On cross-examination, however, the prosecution elicited the details of those crimes. (The court overruled counsel's objection on the ground that he had opened the door. Id. at 44). Platt testified that the lineups followed “a series of robberies in which a larger individual approached elderly people and choked them from behind” while another stole their money. Id. at 43. Platt also stated that the individual mentioned in defense counsel's questions, Cornelius Abson, had been identified as the person who went through the victim's pockets while petitioner was the “choker.” Id. at 44. Platt did not think Abson was lying when he implicated petitioner, and believed that petitioner was not picked in any of the lineups because the victims likely could not see who grabbed them from behind.

Counsel pursued the issue further on redirect, apparently seeking to elicit from Platt an admission that certain victims did offer a description of the person who grabbed them from behind that did not match petitioner.
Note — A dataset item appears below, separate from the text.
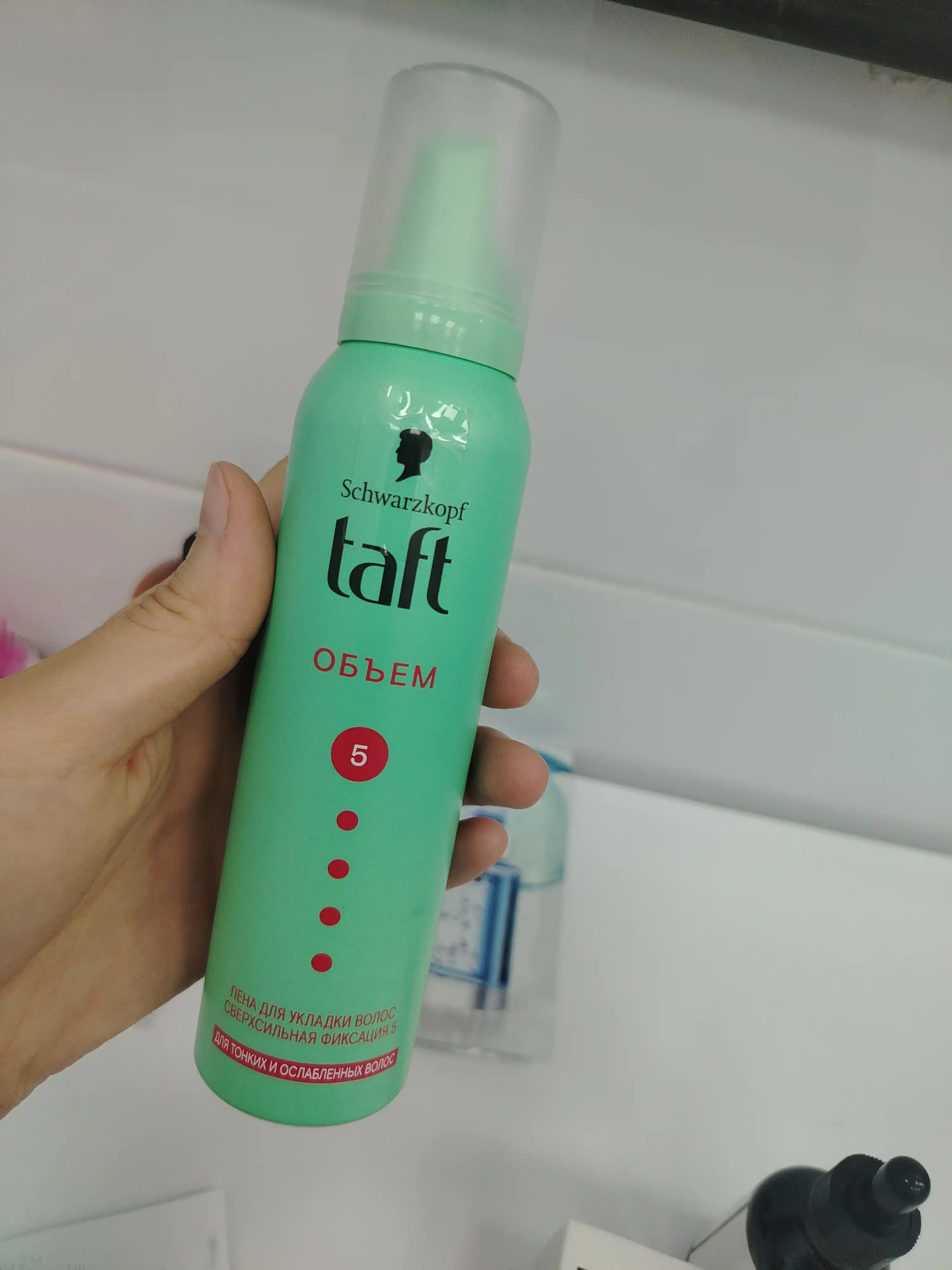 Пена для волос Taft объем, 150 мл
He asked: “You keep saying that in these cases they can't describe the one behind, and you've done this a number of times, but some of them aren't crimes that were committed by more than one person; is that true, detective?” Id. at 59. Platt replied, “All of these crimes were done by multiple perps.” Id.

Counsel persisted still, naming three elderly victims (Jose Ramos, Betty Thomas, and Leon Regis) whose cases he believed involved only a single assailant. Platt stated that Ramos's case was not part of the group of twelve involving the lineups already discussed, that Thomas was choked unconscious and did not describe her assailant, and that Regis's case involved three assailants, only two of whom Regis could describe. Id. at 60-62.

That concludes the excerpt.